Excerpts from a dataset:
□ □ □ □ □ □ □

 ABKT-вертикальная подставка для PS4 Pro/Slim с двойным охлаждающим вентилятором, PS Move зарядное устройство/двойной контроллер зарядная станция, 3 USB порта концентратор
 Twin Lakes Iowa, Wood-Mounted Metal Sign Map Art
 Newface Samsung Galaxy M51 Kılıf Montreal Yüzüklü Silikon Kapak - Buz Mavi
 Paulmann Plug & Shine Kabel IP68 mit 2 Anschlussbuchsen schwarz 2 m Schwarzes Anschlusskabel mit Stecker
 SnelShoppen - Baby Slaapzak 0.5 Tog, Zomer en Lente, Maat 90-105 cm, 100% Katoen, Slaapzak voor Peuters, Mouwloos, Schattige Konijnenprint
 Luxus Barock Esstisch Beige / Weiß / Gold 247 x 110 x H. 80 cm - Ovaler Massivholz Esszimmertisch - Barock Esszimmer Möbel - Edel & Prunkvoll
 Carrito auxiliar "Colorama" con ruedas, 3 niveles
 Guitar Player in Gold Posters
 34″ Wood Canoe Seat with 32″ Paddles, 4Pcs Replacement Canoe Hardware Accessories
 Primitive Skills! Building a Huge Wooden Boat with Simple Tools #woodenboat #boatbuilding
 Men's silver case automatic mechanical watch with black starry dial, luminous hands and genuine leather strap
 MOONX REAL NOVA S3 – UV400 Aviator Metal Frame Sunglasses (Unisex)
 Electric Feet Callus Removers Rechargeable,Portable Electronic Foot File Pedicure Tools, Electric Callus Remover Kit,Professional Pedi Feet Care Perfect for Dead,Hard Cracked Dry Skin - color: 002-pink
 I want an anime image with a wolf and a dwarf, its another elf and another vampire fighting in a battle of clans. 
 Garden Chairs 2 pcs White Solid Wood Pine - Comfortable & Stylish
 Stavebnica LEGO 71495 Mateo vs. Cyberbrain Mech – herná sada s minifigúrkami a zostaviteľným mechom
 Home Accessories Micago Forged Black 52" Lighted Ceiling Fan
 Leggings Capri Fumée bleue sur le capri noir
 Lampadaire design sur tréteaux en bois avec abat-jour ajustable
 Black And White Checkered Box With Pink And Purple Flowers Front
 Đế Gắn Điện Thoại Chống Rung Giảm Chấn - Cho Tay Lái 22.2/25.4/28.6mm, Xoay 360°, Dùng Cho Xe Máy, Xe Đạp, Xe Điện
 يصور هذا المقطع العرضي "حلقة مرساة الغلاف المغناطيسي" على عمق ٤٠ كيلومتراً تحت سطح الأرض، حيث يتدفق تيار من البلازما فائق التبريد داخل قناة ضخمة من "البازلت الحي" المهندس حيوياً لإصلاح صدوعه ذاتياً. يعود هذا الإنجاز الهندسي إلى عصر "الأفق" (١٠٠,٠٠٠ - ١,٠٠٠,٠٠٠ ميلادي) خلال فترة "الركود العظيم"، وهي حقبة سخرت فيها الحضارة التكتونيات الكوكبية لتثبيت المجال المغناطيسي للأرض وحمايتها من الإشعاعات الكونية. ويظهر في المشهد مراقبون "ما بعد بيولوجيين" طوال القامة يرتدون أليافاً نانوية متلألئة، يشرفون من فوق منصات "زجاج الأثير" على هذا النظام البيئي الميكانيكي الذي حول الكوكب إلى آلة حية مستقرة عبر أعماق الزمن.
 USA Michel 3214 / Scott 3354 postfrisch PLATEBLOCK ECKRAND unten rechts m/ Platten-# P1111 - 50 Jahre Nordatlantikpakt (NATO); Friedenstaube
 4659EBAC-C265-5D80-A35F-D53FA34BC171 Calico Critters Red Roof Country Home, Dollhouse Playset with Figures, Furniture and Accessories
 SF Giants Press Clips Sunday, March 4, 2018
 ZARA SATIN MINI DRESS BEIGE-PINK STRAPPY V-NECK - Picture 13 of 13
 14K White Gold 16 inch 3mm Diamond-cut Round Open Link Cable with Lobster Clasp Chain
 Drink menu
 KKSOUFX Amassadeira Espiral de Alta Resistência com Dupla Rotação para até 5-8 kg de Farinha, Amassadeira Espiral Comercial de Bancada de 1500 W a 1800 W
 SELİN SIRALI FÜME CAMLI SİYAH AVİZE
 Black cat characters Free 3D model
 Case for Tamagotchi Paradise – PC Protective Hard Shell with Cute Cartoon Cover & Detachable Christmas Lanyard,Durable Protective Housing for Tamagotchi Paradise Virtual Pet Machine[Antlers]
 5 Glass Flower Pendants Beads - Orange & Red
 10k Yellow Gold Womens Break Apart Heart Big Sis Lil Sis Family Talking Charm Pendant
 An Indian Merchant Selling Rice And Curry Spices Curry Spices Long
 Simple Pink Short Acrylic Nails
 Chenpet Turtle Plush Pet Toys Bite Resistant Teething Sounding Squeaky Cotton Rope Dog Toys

□ □ □ □ □ □ □

What you are asked to do:
Looking at the data above, how many lines hold the string "Gold"? Reply with only the number.

Solution to the problem:
4